What you need to do:
Nothing but the lines from the one containing "WALTER Surface Technologies" through the last line of the records below should be written out, each exactly as it stands.

Data for the task Block Start

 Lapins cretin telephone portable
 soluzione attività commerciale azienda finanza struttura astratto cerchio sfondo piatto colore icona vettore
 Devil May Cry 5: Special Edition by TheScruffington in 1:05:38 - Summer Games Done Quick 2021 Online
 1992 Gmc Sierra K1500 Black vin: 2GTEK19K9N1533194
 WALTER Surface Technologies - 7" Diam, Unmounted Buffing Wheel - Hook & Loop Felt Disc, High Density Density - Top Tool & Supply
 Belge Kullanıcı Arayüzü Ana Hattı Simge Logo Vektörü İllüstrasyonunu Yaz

Data for the task Block End

Solution to this problem:
 WALTER Surface Technologies - 7" Diam, Unmounted Buffing Wheel - Hook & Loop Felt Disc, High Density Density - Top Tool & Supply
 Belge Kullanıcı Arayüzü Ana Hattı Simge Logo Vektörü İllüstrasyonunu Yaz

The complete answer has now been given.